Study material: Begin

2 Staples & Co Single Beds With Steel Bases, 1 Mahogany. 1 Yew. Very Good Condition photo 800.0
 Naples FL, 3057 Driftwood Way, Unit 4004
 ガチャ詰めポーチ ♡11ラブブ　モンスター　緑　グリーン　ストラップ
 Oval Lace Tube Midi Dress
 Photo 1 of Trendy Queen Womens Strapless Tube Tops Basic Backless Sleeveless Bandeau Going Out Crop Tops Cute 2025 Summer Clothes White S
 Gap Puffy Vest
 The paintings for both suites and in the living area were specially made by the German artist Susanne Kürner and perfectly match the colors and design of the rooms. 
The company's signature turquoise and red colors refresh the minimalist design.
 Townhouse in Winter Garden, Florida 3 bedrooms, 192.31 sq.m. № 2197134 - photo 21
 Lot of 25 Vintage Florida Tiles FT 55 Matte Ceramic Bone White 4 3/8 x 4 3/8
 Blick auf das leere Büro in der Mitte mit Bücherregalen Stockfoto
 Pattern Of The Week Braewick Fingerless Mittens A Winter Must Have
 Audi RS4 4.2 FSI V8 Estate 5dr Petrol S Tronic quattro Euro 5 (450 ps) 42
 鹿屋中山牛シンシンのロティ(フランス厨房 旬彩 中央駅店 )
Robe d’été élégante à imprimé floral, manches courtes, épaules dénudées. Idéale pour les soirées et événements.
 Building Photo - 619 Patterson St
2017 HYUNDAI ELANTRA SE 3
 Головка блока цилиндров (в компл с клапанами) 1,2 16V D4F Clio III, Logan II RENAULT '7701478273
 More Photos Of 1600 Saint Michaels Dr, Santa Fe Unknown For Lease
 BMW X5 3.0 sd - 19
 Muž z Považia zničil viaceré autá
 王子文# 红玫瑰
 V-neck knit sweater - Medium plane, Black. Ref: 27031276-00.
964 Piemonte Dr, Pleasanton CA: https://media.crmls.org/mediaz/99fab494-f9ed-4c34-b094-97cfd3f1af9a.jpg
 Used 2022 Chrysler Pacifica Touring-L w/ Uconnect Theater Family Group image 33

Study material: End

**What the task asks**
Take the lines above from the one containing "BMW X5 3.0 sd - 19" down to the one containing "964 Piemonte Dr, Pleasanton", and transcribe them exactly, both ends included.

**Result**
 BMW X5 3.0 sd - 19
 Muž z Považia zničil viaceré autá
 王子文# 红玫瑰
 V-neck knit sweater - Medium plane, Black. Ref: 27031276-00.
964 Piemonte Dr, Pleasanton CA: https://media.crmls.org/mediaz/99fab494-f9ed-4c34-b094-97cfd3f1af9a.jpg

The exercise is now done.